Mo Gadhafi obviously subscribes to the view that you catch more flies with honey than with vinegar:
Libyan leader Moammar Gadhafi appealed directly to President Barack Obama on Wednesday to end what Gadhafi called "an unjust war." He also wished Obama good luck in his bid for re-election next year.
"You are a man who has enough courage to annul a wrong and mistaken action," Gadhafi wrote in a rambling, three-page letter to Obama obtained by The Associated Press on Wednesday. "I am sure that you are able to shoulder the responsibility for that."
It's probably the nicest letter written to the foreign leader who's bombing you that I've ever seen.

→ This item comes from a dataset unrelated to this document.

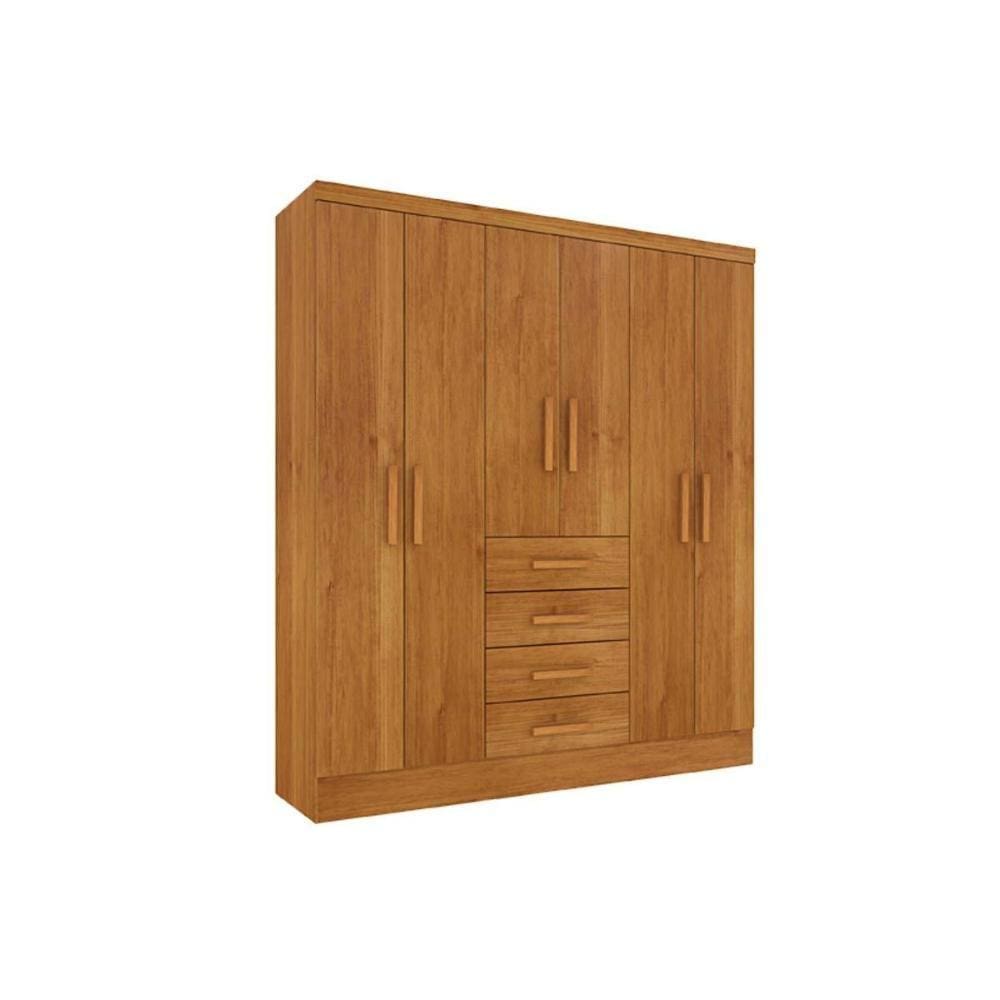 Guarda Roupa Solteiro Arizona c/ 6 Portas e 4 Gavetas Cinamomo - Tcil Móveis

It's a pretty clever tactic, actually. Leaders generally tend to err on the side of bellicosity. Here, from "The Ottoman Centuries" by Lord Kinross, is an account of Sultan Bayezid's trash-talking exchange with Mongol Emperor Timur in 1399:
For the first time Timur’s anger was roused against Bayezid, and he wrote to him (now back in Europe) requiring the return of his prisoner. Gibbon quotes a letter from the Persian historian Shereffeddin: ”What is the foundation of thy insolence and folly?” he demanded of the Sultan. “Thou hast fought some battles in the woods of Anatolia: contemptible trophies.” Continuing as one champion of Islam to another, he nonetheless conceded: “Thou hast obtained some victories over the Christians of Europe; thy sword was blessed by the apostle of God; and they obedience to the precept of the Koran, in waging war against the infidels, is the sole consideration that prevents us from destroying thy country, the frontier and bulwark of the Moslem world.” In conclusion he urged him: “Be wise in time; reflect; repent; and avert the thunder of our vengeance, which is yet suspended over thy head. Thou are no more than a pismire [an ant]; why wilt thou seek to provoke the elephants? Alas! They will trample thee under their feet.”
Bayezid chose to treat this and a subsequent message with contempt: “Thy armies are innumerable; be they so; but what are the arrows of the flying Tatar against the scimitars and battle-axes of my firm and invincible Janissaries? I will guard the princes who have implored my protection. Seek them in my tents.” He concluded with an insult more intimate in character: “If I fly from thy arms, man my wives be thrice divorced from my bed; but if thou hast not courage to meet me in the field, mayest thou again receive thy wives after they have thrice endured the embraces of a stranger.”
Timur’s message to Bayezid, whatever their content, had been in form diplomatic, following the usage as between equals of inscribing their two names side by side. Now Bayezid deliberately flouted all diplomacy, inscribing his own name in large letters of gold, with Timur’s name below it in small letters of black. To so calculated a double affront, at once domestic and diplomatic, barring the door to negotiation, there could be but a single effective response.
This ended very badly for Bayezid. Timur captured him and subjected him to a series of humiliations, including allegedly making his wife serve him naked and using Bayezid as a footstool. (I'm guessing this is the derivation of "ottoman" to mean footstool, though Kinross does not say so and I've never seen any confirmation of it.) Anyway, excessive trash-talking with foreign leaders is a bad idea in general, and was an especially bad idea with Mongol warlords during the 13th and 14th centuries.